Excerpted records ::
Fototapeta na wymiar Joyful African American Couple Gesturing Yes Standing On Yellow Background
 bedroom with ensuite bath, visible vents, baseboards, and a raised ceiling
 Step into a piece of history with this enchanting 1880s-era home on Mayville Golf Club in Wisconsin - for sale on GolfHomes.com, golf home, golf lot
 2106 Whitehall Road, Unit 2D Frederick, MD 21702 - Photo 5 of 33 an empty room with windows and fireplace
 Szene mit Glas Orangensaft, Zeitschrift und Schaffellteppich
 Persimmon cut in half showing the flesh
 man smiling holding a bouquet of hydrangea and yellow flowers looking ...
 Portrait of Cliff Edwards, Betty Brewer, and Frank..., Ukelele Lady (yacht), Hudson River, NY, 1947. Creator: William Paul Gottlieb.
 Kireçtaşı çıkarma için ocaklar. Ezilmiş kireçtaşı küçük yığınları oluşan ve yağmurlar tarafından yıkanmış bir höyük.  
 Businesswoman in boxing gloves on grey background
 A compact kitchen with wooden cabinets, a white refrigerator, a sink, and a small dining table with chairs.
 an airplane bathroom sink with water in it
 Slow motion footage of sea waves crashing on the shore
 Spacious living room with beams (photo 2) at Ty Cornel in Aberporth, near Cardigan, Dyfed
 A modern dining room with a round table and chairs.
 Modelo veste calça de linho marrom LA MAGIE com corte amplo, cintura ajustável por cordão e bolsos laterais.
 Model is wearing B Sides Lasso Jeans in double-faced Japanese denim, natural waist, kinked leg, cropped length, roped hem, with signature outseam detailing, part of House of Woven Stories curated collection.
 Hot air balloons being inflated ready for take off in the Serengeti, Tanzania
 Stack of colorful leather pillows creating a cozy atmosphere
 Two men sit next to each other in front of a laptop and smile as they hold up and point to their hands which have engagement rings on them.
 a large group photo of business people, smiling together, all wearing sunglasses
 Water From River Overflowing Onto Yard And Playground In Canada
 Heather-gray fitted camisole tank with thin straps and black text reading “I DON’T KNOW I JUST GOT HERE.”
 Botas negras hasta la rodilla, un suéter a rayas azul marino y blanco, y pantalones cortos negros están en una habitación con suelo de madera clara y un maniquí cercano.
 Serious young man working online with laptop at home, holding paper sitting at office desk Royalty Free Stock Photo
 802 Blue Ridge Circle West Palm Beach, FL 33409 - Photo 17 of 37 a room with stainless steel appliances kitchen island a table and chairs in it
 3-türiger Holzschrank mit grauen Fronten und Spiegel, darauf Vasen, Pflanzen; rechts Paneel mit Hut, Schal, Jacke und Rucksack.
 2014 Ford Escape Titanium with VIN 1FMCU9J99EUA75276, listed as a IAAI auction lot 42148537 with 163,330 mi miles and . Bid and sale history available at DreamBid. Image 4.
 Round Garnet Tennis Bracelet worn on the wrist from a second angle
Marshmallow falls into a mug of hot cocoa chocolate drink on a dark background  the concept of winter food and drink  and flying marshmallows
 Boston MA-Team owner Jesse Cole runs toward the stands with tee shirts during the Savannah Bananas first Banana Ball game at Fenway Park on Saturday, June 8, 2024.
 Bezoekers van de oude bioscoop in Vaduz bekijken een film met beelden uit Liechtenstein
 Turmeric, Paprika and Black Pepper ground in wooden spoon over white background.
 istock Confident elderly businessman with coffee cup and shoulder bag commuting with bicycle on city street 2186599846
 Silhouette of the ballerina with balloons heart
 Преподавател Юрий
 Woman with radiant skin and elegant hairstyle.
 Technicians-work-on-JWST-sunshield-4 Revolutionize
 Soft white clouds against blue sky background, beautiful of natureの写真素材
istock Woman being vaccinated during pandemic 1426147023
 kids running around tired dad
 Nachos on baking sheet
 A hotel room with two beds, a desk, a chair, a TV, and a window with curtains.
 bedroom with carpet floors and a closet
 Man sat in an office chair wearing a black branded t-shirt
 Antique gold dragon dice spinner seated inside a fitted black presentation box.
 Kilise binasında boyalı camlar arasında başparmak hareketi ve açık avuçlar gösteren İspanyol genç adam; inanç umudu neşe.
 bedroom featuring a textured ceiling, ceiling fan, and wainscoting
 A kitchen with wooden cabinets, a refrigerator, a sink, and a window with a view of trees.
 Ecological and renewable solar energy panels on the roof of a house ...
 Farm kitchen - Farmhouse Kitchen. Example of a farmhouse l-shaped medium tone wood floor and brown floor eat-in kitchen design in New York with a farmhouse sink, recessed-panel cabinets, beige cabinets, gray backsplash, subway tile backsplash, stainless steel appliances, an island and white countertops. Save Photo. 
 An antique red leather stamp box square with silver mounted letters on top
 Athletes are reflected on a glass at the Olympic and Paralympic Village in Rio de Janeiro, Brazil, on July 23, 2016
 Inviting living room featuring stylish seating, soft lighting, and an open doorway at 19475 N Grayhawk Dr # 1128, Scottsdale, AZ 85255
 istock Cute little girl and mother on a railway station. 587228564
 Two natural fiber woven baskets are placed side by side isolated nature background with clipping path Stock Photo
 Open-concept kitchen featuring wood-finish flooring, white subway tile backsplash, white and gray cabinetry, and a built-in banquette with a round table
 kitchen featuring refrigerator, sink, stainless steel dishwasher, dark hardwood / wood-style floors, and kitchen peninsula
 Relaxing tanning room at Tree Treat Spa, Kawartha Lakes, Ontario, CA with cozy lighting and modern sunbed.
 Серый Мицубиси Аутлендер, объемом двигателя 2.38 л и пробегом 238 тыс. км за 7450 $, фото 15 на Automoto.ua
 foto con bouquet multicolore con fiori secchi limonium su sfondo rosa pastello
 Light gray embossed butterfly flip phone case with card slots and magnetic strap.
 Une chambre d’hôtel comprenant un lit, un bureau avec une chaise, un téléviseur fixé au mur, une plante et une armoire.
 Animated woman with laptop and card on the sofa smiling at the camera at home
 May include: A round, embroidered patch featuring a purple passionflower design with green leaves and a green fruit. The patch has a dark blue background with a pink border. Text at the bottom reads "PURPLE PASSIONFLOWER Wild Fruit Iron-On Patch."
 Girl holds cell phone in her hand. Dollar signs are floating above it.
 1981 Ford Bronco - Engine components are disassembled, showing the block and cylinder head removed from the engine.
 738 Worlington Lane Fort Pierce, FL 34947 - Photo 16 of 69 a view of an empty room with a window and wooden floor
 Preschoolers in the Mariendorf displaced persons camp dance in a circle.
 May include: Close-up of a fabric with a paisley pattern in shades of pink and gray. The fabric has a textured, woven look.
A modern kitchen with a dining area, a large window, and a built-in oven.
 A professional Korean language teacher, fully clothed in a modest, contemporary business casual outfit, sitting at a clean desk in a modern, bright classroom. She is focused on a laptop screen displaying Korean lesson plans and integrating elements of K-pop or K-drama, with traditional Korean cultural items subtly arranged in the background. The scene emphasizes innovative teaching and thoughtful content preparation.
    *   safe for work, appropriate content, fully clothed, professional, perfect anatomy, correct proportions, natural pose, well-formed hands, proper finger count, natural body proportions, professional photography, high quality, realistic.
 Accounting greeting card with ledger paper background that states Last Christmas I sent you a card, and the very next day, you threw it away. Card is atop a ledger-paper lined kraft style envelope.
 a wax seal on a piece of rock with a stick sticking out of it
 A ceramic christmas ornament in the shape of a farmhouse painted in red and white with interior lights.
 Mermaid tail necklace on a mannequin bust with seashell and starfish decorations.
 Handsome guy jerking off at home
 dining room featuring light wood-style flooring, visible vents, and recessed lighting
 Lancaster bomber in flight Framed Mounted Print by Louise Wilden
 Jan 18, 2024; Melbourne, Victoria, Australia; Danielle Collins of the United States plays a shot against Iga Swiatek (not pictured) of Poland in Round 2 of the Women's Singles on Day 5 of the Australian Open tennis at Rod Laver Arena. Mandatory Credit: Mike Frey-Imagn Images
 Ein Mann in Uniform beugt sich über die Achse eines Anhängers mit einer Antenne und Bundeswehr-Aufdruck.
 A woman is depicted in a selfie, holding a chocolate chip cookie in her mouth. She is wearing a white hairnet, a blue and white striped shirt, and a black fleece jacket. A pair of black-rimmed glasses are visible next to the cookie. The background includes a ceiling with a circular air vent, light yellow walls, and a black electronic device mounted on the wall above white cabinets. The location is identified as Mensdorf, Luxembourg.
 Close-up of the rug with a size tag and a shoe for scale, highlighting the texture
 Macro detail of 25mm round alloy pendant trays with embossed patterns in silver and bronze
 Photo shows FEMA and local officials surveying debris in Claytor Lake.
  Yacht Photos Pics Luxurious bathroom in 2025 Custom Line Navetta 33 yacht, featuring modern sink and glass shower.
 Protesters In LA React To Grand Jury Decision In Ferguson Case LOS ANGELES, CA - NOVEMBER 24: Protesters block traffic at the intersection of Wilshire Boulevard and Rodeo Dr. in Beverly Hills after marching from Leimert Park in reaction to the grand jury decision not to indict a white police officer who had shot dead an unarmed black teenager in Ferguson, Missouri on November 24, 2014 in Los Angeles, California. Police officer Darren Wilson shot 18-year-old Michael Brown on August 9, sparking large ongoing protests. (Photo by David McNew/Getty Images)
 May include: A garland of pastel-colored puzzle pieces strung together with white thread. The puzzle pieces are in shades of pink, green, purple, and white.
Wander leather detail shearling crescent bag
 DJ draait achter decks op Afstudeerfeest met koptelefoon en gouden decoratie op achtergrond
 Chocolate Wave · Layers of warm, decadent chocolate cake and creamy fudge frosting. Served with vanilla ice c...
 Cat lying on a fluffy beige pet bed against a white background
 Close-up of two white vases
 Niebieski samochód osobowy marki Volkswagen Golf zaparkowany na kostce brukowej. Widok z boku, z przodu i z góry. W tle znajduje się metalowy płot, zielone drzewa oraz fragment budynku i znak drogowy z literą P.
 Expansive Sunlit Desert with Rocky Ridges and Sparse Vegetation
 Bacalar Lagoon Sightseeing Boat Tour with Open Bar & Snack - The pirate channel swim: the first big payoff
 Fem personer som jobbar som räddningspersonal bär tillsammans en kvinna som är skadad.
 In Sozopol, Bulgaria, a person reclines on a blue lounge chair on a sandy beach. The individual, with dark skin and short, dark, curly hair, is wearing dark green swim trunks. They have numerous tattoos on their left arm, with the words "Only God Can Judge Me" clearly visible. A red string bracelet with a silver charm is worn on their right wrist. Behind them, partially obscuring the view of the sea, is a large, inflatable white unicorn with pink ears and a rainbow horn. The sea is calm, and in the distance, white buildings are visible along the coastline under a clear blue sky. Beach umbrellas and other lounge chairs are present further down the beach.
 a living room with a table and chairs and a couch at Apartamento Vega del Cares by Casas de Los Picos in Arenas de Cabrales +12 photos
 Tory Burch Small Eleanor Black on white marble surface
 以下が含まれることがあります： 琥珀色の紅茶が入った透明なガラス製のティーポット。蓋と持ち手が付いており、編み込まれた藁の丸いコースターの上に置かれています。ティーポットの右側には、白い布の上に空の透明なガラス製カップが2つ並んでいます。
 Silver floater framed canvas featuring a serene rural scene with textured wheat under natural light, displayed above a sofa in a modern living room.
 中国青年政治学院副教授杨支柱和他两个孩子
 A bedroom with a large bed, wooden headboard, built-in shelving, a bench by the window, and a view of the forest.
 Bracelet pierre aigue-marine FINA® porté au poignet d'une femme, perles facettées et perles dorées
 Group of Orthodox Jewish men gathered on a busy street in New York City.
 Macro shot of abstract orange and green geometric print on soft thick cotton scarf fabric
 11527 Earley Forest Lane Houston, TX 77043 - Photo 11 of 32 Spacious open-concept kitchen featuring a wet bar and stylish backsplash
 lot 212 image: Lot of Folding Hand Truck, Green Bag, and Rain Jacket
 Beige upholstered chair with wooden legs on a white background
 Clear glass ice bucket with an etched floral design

Exercise requirements ::
Return, word for word, the lines of the data above from the line with "A kitchen with" through the line with "Relaxing tanning room", inclusive.

Exercise response ::
 A kitchen with wooden cabinets, a refrigerator, a sink, and a window with a view of trees.
 Ecological and renewable solar energy panels on the roof of a house ...
 Farm kitchen - Farmhouse Kitchen. Example of a farmhouse l-shaped medium tone wood floor and brown floor eat-in kitchen design in New York with a farmhouse sink, recessed-panel cabinets, beige cabinets, gray backsplash, subway tile backsplash, stainless steel appliances, an island and white countertops. Save Photo. 
 An antique red leather stamp box square with silver mounted letters on top
 Athletes are reflected on a glass at the Olympic and Paralympic Village in Rio de Janeiro, Brazil, on July 23, 2016
 Inviting living room featuring stylish seating, soft lighting, and an open doorway at 19475 N Grayhawk Dr # 1128, Scottsdale, AZ 85255
 istock Cute little girl and mother on a railway station. 587228564
 Two natural fiber woven baskets are placed side by side isolated nature background with clipping path Stock Photo
 Open-concept kitchen featuring wood-finish flooring, white subway tile backsplash, white and gray cabinetry, and a built-in banquette with a round table
 kitchen featuring refrigerator, sink, stainless steel dishwasher, dark hardwood / wood-style floors, and kitchen peninsula
 Relaxing tanning room at Tree Treat Spa, Kawartha Lakes, Ontario, CA with cozy lighting and modern sunbed.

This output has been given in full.